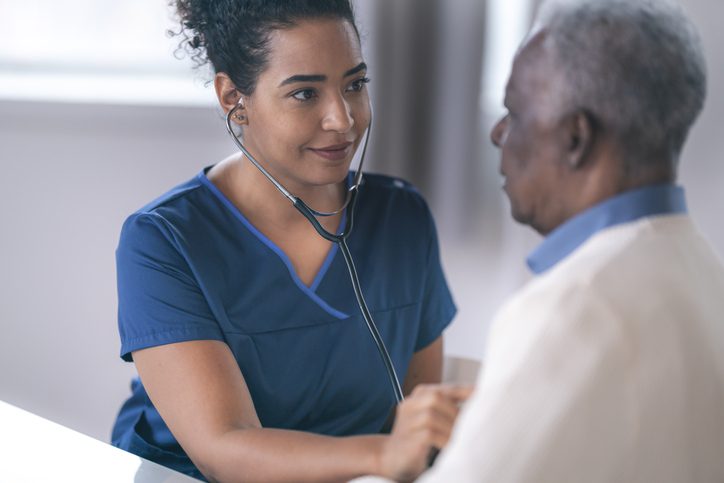 A female black doctor is performing a routine medical exam. The patient is a senior adult man. The two individuals are seated facing each other in an examination room. The doctor is using a stethoscope to check the patient's heart and lungs. The close up image is focused on the smiling doctor.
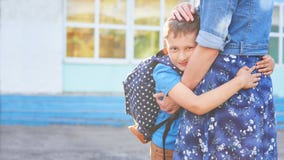 De nouveau ? l'?cole Étreinte heureuse de mère et de fils devant l'école primaire photographie stock libre de droits De nouveau ? l'?cole Étreinte heureuse de mère et de fils devant l'école primaire photographie stock libre de droits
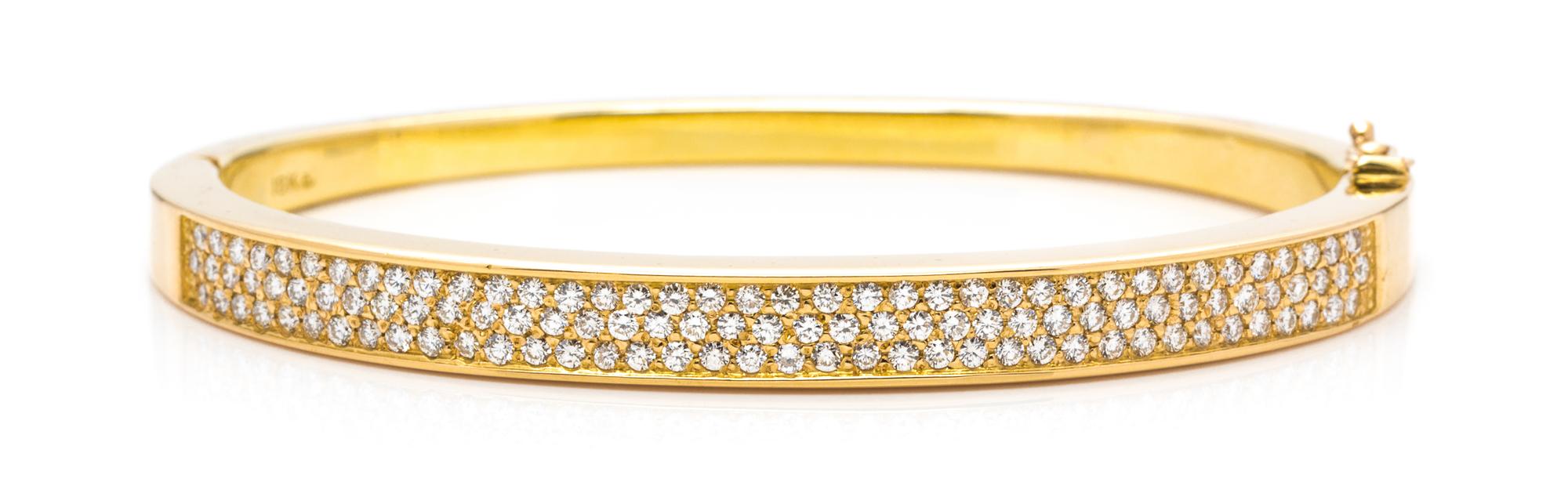 An 18 Karat Yellow Gold and Diamond Bangle Bracelet, 18.50 dwts.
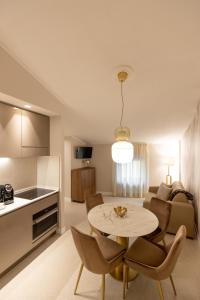 a kitchen and a living room with a table and chairs at Casa Carmela Apartments in Bardolino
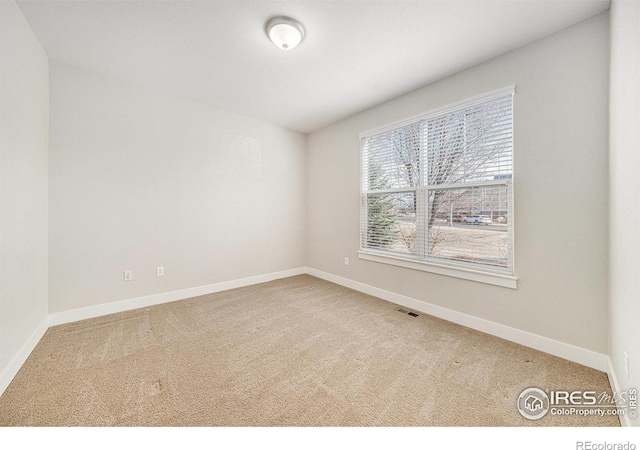 4751 Pleasant Oak Dr Unit C65, Fort Collins, CO 80525 - spare room featuring baseboards, carpet floors, and visible vents
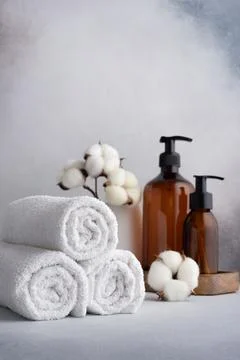 Stack of rolled white towels with cotton flowers and dispenser bottles on gra Stock Photos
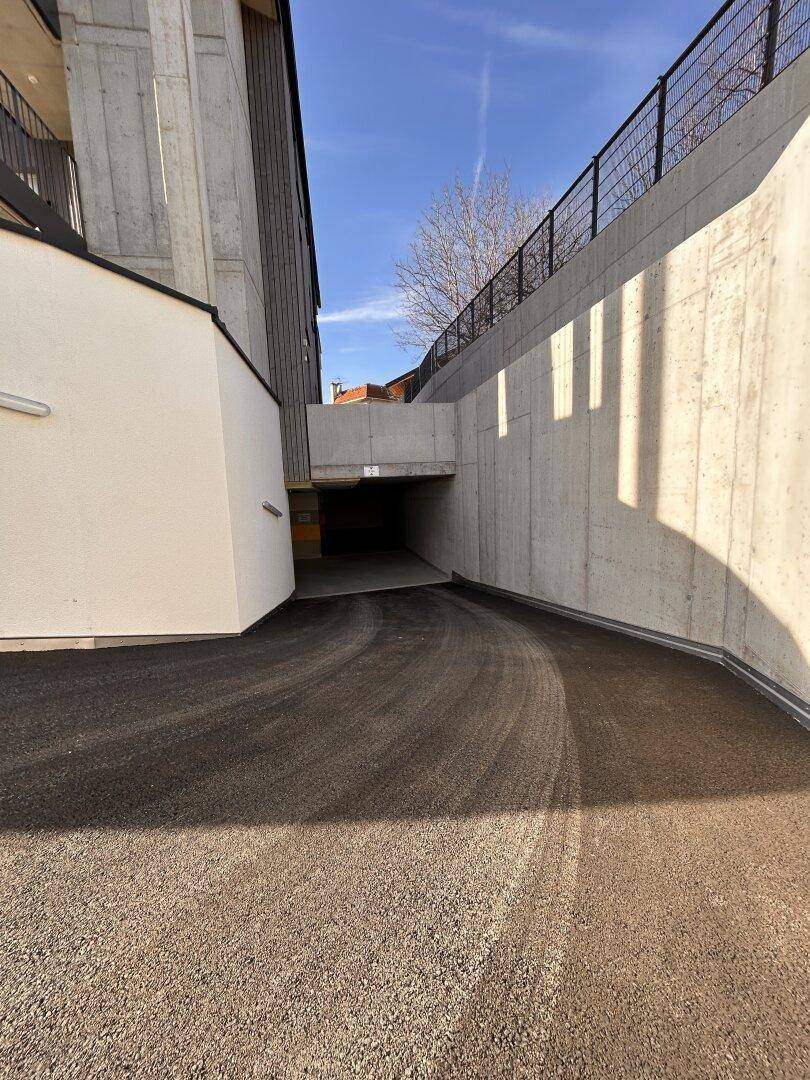 Geschwungene asphaltierte Zufahrt zur Tiefgarage, umgeben von hohen Betonmauern.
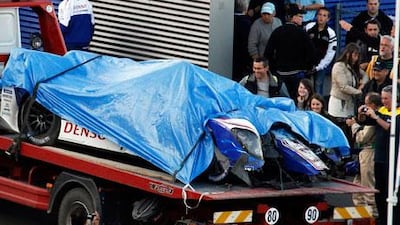 Anthony Davidson's car is returned to the pits after a mid-air flip at Le Mans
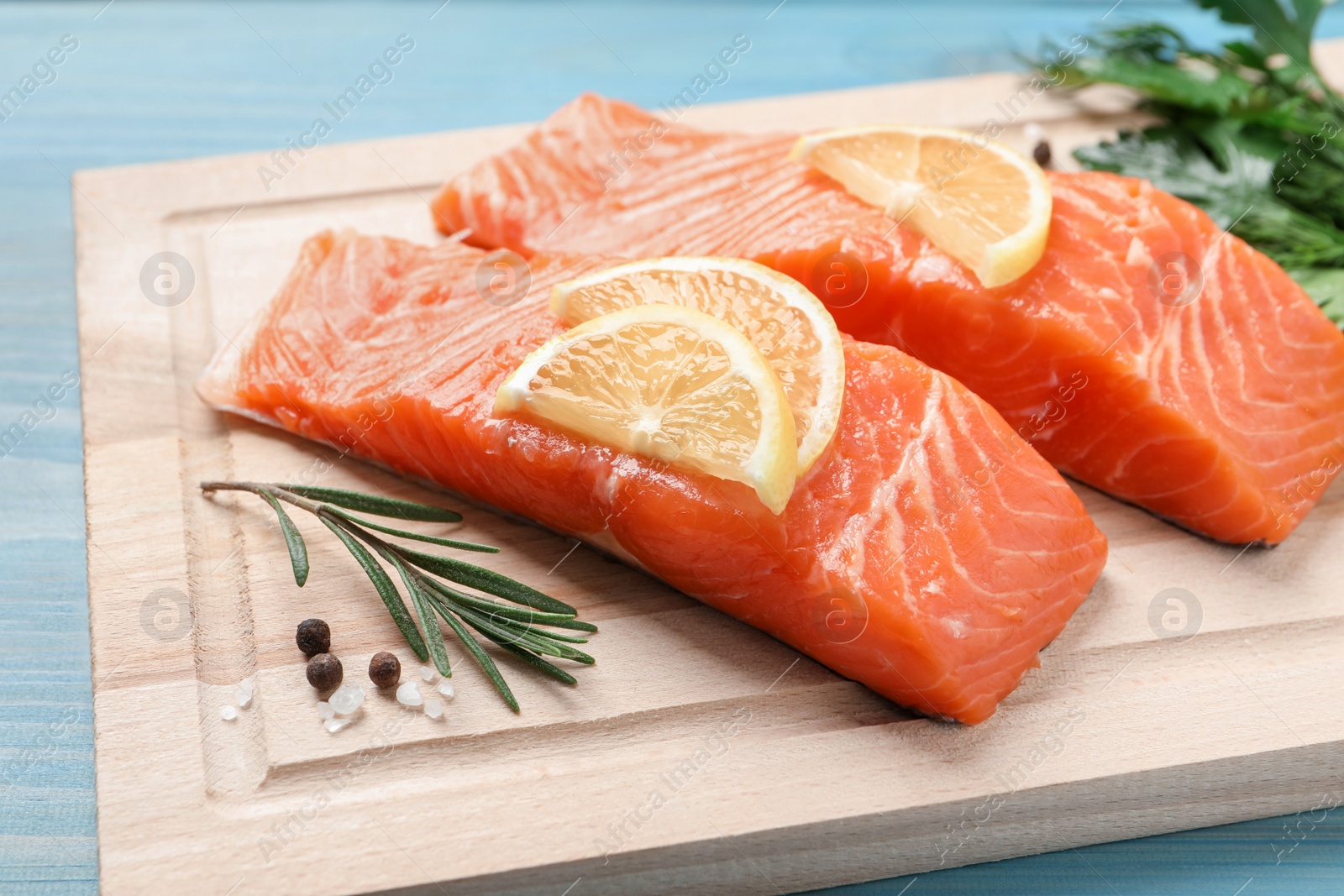 Photo of Fresh salmon and ingredients for marinade on light blue wooden table, closeup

================

:: WHAT NEEDS TO BE DONE ::
Pictures excluded, quote all the data above exactly.

:: REPLY ::
 A female black doctor is performing a routine medical exam. The patient is a senior adult man. The two individuals are seated facing each other in an examination room. The doctor is using a stethoscope to check the patient's heart and lungs. The close up image is focused on the smiling doctor.
 De nouveau ? l'?cole Étreinte heureuse de mère et de fils devant l'école primaire photographie stock libre de droits De nouveau ? l'?cole Étreinte heureuse de mère et de fils devant l'école primaire photographie stock libre de droits
 An 18 Karat Yellow Gold and Diamond Bangle Bracelet, 18.50 dwts.
 a kitchen and a living room with a table and chairs at Casa Carmela Apartments in Bardolino
 4751 Pleasant Oak Dr Unit C65, Fort Collins, CO 80525 - spare room featuring baseboards, carpet floors, and visible vents
 Stack of rolled white towels with cotton flowers and dispenser bottles on gra Stock Photos
 Geschwungene asphaltierte Zufahrt zur Tiefgarage, umgeben von hohen Betonmauern.
 Anthony Davidson's car is returned to the pits after a mid-air flip at Le Mans
 Photo of Fresh salmon and ingredients for marinade on light blue wooden table, closeup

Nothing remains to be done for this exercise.